[ENTRIES SUPPLIED Boundary: Start]

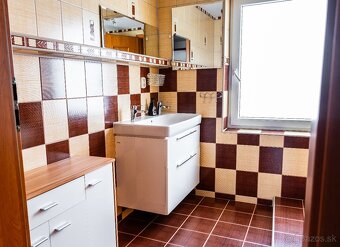 Moderný poschodový 5i rodinný dom so suterénom v Šoporni - 7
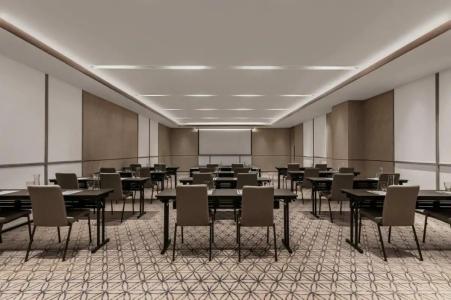 Courtyard by Marriott Phuket Town - 93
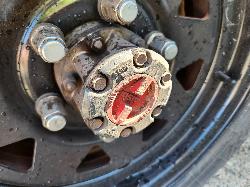 View Toyota Hilux 2004 4 Door Utility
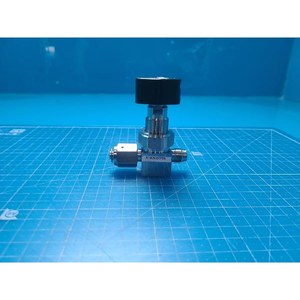 Vanne à diaphragme haute pureté TKSCT 316L EP 10K 1/4 103219404124 utilisée comme pièce détachée pour équipement semi-conducteur Legacy - Product Image 6
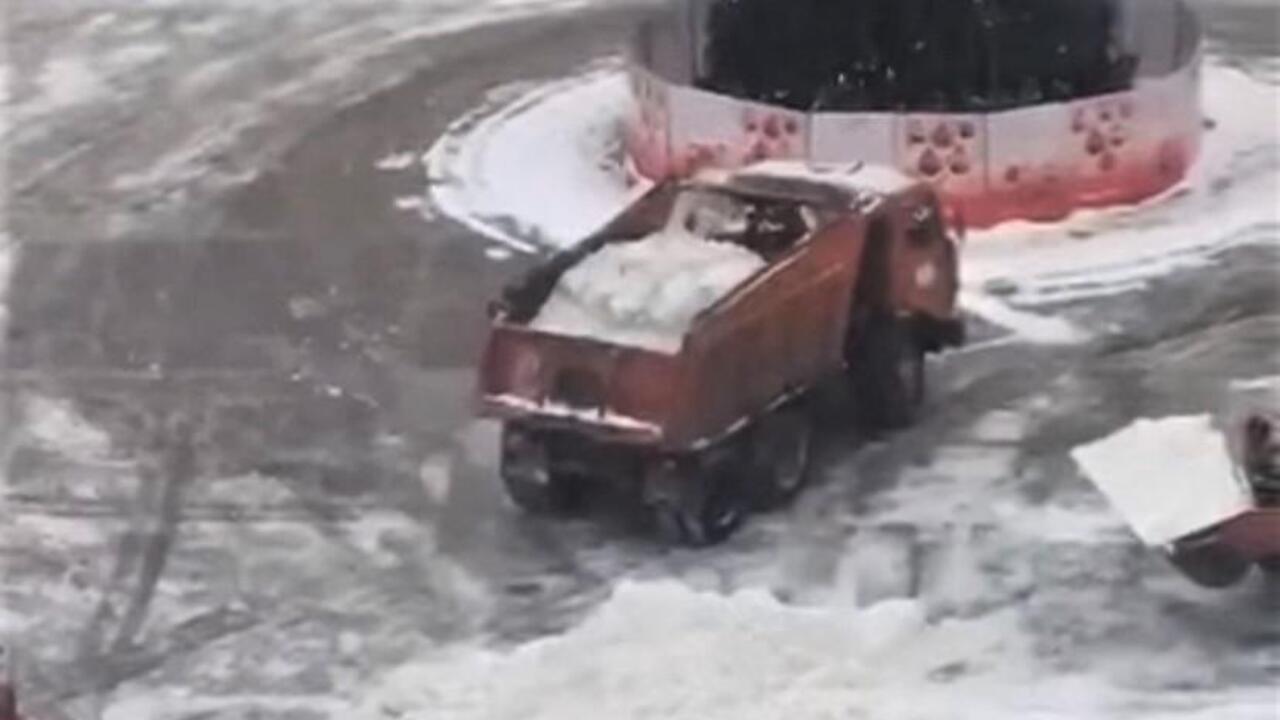 В Гатчине трактор засыпал ребенка снегом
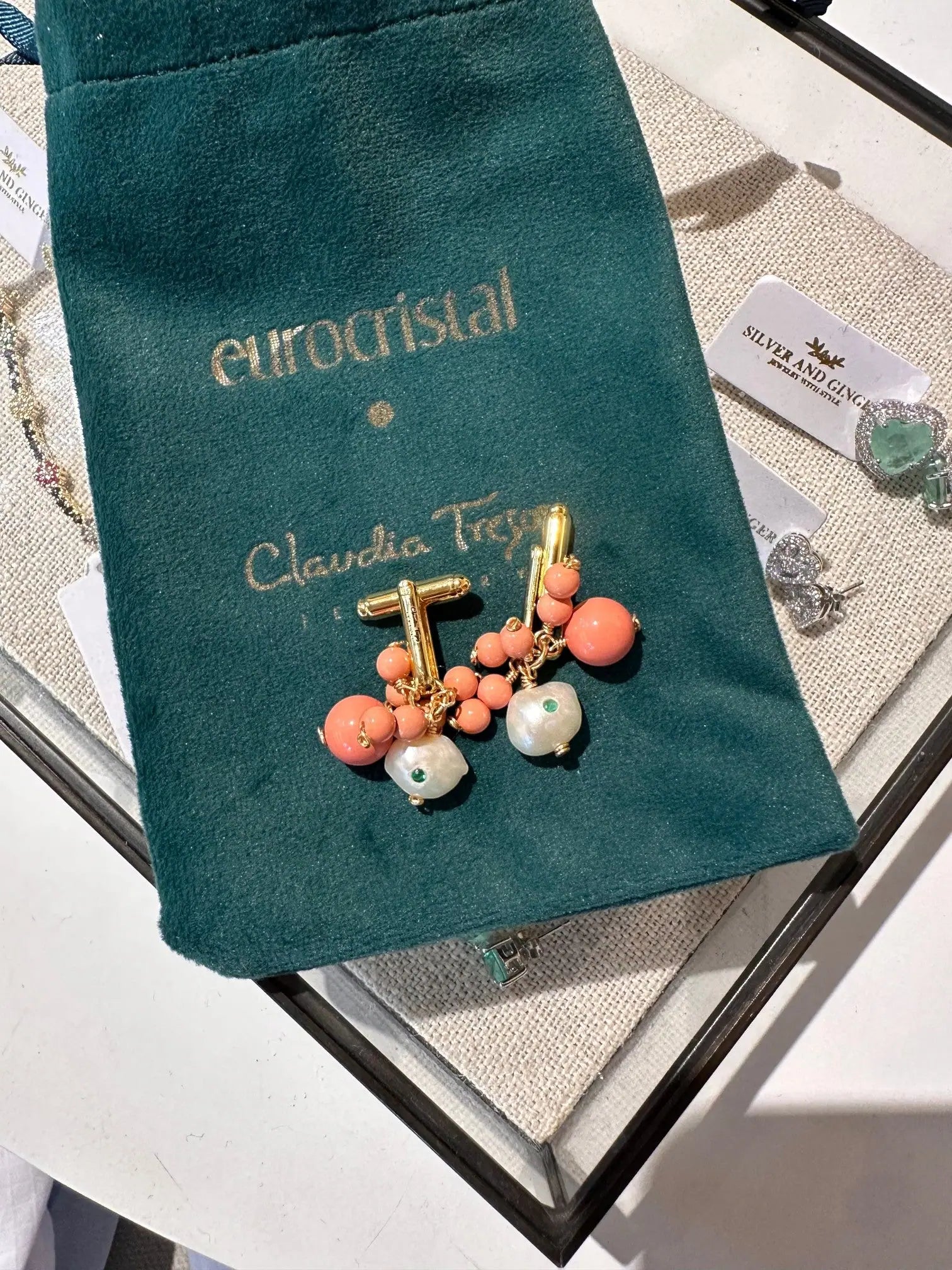 Mancornas By Claudia Trejos para ANARIAS Atelier — perlas y circones sobre baño dorado, tono coral, vista de detalle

[ENTRIES SUPPLIED Boundary: End]

# GOAL OF THE EXERCISE
Your reply should consist only of the lines running from the line with "Vanne à diaphragme" to the end of the entries, both included, copied exactly and without any pictures.

# COMPLETED TASK
 Vanne à diaphragme haute pureté TKSCT 316L EP 10K 1/4 103219404124 utilisée comme pièce détachée pour équipement semi-conducteur Legacy - Product Image 6
 В Гатчине трактор засыпал ребенка снегом
 Mancornas By Claudia Trejos para ANARIAS Atelier — perlas y circones sobre baño dorado, tono coral, vista de detalle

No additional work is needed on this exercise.